### Task brief
A verbatim repetition of the data below is requested, without images.

### Dataset extract
*** Block opens ***
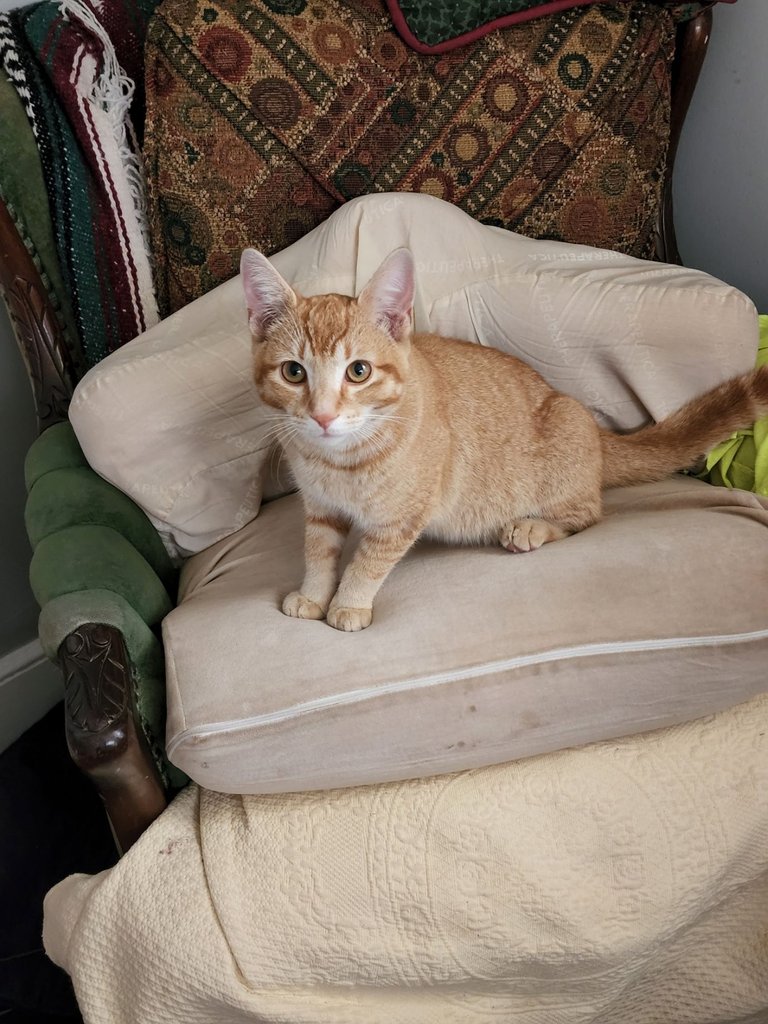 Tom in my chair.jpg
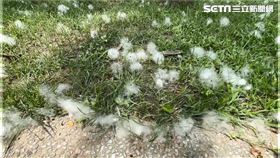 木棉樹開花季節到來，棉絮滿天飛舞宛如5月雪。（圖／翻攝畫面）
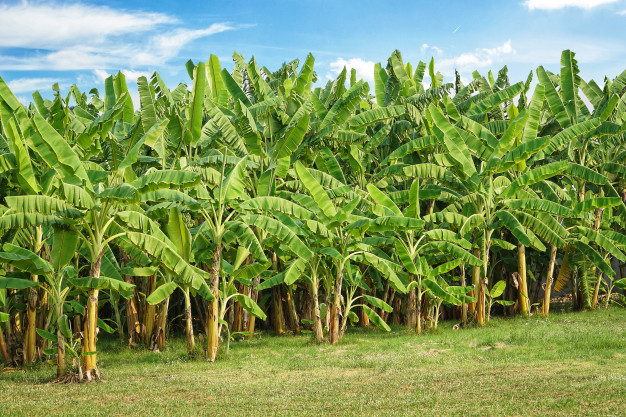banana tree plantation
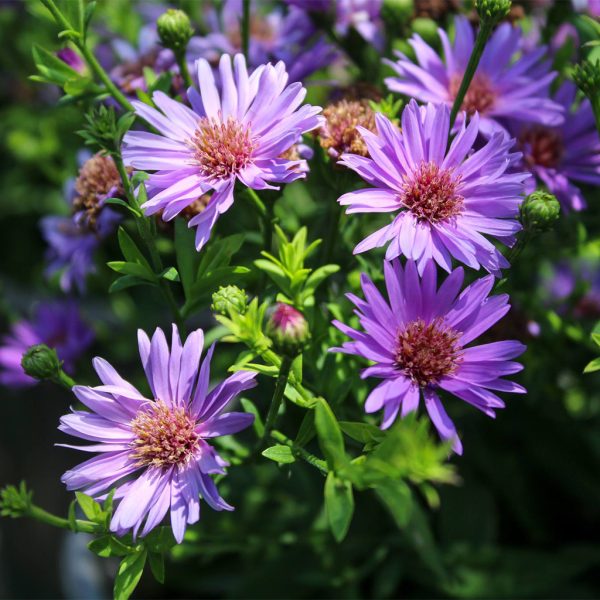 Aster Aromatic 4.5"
*** Block closes ***
### Written answer
 Tom in my chair.jpg
 木棉樹開花季節到來，棉絮滿天飛舞宛如5月雪。（圖／翻攝畫面）
banana tree plantation
 Aster Aromatic 4.5"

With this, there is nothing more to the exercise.